__EXERCISE PROMPT__
Pull every line that holds the word "Stock" from the entries.

(Extracted records)

____________________

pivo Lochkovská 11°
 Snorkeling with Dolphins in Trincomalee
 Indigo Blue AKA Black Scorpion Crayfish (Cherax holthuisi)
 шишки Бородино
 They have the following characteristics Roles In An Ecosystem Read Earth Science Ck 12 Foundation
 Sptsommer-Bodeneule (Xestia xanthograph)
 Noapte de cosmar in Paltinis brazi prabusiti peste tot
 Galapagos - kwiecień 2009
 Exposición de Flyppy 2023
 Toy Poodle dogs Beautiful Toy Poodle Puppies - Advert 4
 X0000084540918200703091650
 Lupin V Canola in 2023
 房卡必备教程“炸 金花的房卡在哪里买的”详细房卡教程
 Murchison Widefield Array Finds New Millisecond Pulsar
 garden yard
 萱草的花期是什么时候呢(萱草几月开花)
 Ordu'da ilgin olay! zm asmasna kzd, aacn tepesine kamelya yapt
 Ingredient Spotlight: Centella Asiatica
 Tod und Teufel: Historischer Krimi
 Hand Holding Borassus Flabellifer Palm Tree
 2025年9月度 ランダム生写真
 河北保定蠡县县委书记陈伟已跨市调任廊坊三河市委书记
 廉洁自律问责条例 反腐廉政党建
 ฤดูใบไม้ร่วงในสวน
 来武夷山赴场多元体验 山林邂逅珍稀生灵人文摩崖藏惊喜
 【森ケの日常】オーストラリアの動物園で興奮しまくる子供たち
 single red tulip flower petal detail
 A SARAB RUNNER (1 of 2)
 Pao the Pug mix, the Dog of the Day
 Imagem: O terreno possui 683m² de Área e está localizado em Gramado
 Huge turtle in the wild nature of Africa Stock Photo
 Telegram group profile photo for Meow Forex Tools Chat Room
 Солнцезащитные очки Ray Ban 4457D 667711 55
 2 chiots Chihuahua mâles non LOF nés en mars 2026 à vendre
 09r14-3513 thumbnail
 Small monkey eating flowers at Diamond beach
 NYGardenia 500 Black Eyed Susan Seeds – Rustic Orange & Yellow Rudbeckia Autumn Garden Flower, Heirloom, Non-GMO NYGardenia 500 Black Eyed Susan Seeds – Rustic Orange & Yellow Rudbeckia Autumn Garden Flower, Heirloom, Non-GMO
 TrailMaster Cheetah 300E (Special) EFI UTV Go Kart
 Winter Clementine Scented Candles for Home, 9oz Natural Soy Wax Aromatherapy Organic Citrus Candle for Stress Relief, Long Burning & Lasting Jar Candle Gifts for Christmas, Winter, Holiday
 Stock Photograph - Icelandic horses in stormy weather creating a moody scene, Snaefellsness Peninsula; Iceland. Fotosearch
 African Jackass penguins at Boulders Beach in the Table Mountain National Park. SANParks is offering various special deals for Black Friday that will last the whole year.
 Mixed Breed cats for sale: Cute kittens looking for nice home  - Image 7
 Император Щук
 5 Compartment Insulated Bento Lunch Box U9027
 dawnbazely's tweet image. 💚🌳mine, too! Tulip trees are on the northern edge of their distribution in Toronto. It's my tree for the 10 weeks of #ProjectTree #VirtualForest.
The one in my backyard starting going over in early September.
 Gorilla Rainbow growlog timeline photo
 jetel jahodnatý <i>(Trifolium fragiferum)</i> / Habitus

____________________

__EXERCISE OUTPUT__
 Huge turtle in the wild nature of Africa Stock Photo
 Stock Photograph - Icelandic horses in stormy weather creating a moody scene, Snaefellsness Peninsula; Iceland. Fotosearch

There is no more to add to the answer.